Groupe Beaumanoir
- Company type: SA
- Industry: Clothing retail
- Founded: 1947
- Headquarters: Paris, France
- Number of locations: 650+
- Area served: Worldwide
- Key people: CEO : Yann Jaslet
- Products: Clothing
- Website: www.morgandetoi.com

= Morgan (clothing) =

French clothing brand

Morgan de toi is a clothing brand, owned by the French company Morgan SA. The company was established in 1947 to sell lingerie, but has since diversified.

At present it has over 650 retail outlets worldwide. Production is vertically integrated and takes place mainly in France. The brand is targeted at women between the ages of 18 and 35. The CEO is Yann Jaslet and the headquarters are in Paris.

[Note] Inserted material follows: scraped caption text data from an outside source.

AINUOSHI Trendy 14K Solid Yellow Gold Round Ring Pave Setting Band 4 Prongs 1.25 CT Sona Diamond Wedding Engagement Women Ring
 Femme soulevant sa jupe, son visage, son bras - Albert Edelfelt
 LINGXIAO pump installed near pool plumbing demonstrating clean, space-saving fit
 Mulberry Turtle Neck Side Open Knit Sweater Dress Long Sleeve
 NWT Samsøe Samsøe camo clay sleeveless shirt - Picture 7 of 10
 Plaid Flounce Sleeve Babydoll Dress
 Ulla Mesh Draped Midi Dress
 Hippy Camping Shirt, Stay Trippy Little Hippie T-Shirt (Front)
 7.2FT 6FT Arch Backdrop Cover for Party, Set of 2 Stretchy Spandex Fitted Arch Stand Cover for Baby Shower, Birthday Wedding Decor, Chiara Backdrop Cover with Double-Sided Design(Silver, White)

Morgan operates worldwide in the following arenas:
- retail stores,
- licensed stores,
- wholesale,
- mail order,
- 3rd party internet

The UK operation had moved to 7 Back Hill, London, and appointed Fergus Patterson as their managing director. The business operated stand alone retail sites as well as numerous concessions in leading department stores such as Debenhams and House of Fraser. In 2006, the company went into administration, while the French business went insolvent by December 2008.

In Friends' episode The One With Ross's Thing, Phoebe wears a Morgan t-shirt.